Several guys at our church started an online men’s Bible study last week, (the link to the group is in this post if you’re (a) male and (b) interested) and today’s reading in our group really got me thinking about this topic. We are reading the book of Colossians every day for the month of March. I am posting my entry from today because I think that the approach that God wants is for us to focus on the truths of Scripture and the hope of eternity with Him, allowing that hope to change us from the inside out.
Today I did my reading after men’s group. I got chapter 1 read, then had a meeting, and then read chapters 2-4.

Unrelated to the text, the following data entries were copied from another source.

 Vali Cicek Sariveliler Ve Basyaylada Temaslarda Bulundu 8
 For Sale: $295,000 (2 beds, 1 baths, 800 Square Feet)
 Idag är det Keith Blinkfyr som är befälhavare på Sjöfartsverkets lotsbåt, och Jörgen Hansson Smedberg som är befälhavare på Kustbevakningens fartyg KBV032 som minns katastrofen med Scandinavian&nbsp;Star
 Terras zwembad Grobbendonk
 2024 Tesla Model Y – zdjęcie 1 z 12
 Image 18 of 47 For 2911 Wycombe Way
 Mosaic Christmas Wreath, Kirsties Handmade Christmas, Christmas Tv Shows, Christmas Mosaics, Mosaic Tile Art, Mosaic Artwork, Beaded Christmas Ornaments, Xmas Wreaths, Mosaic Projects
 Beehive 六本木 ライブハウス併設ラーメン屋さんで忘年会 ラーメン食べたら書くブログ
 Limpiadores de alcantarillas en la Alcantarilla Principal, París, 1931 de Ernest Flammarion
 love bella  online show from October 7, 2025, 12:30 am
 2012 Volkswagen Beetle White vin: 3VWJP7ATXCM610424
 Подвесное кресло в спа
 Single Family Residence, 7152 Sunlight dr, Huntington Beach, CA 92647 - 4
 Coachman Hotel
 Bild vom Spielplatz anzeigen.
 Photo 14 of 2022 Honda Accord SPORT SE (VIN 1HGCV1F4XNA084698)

What really struck me today is the theme of hope in chapter 1. I looked up the term “hope” in my handy dandy Bible software, and Paul uses the term three times in Colossians; all three of them come in chapter 1. (that’s why I checked; I wanted to make sure that I didn’t miss any!) This seems to be an important concept that he wanted the Colossians to be reminded of right off the bat in this letter. The first use in verse 5 comes in the context of Colossians 1:3-5:
3 We give thanks to God, the Father of our Lord Jesus Christ, praying always for you,
4 since we heard of your faith in Christ Jesus and the love which you have for all the saints;
5 because of the hope laid up for you in heaven, of which you previously heard in the word of truth, the gospel
The second is in 1:23 and comes in the context of Colossians 1:21-23:
21 And although you were formerly alienated and hostile in mind, engaged in evil deeds,
22 yet He has now reconciled you in His fleshly body through death, in order to present you before Him holy and blameless and beyond reproach—
23 if indeed you continue in the faith firmly established and steadfast, and not moved away from the hope of the gospel that you have heard, which was proclaimed in all creation under heaven, and of which I, Paul, was made a minister.
The final use in Colossians 1:27:
to whom God willed to make known what is the riches of the glory of this mystery among the Gentiles, which is Christ in you, the hope of glory.
It really struck me how important hope is in chapter 1.
- In the first instance, the faith of the Christians and the love they had for the saints came as a result of the hope they have laid up in heaven. Our godly actions came from the source of our hope!
- In the second usage, if we go backward from verse 23 it is “the hope of the gospel” that causes us to be firmly established in the faith, which then as we continue in it will present us to God holy and blameless and beyond reproach.
- Finally, in the third usage we see where the hope is anchored: Christ in us. Christ within us, and His righteousness living inside of us, is the source of the “hope of glory” that Paul talks about in chapter 1.
So what is hope? Well I looked it up in my “Student Bible Dictionary” (and confirmed it in my Greek lexicon for you Bible nerds), and it defines hope as “Belief that God will accomplish what He has promised.” The term means to look forward to something with confidence, expecting fulfillment. The gospel, or “good news” that is the anchor of our hope, is that all who trust in Christ alone for eternal life will spend forever with God, pardoned for their sin and in perfect fellowship with Him!
When I put those two together it really hit me how important my outlook and focus are. Christ in me is the reason for my confidence that God will rescue me from hell and welcome me into His presence forever. By remembering that hope, having confidence in God’s fulfillment of His promise and not being moved from it, by focusing on it and keeping it in the front of my mind I know that when I meet God on the day of my death I will be presented to Him “holy and blameless and beyond reproach” (v. 22). The meeting day will be a good one, filled with celebration at His gift given to me and His faithfulness to His promise. Finally I know that the path of hope expresses itself in the love I have for God’s people and the trust I have in Christ in my daily life.
So today’s theme and focus for me is hope. Am I confidently expecting God to fulfill His promise, focused on the eternal life that awaits and eagerly anticipating it? That is then the source of my actions, my trust in Christ for my daily needs and love for His people. Truth drives action today. I will focus today on living “from the inside out.”
May your day be a day of hope today as well!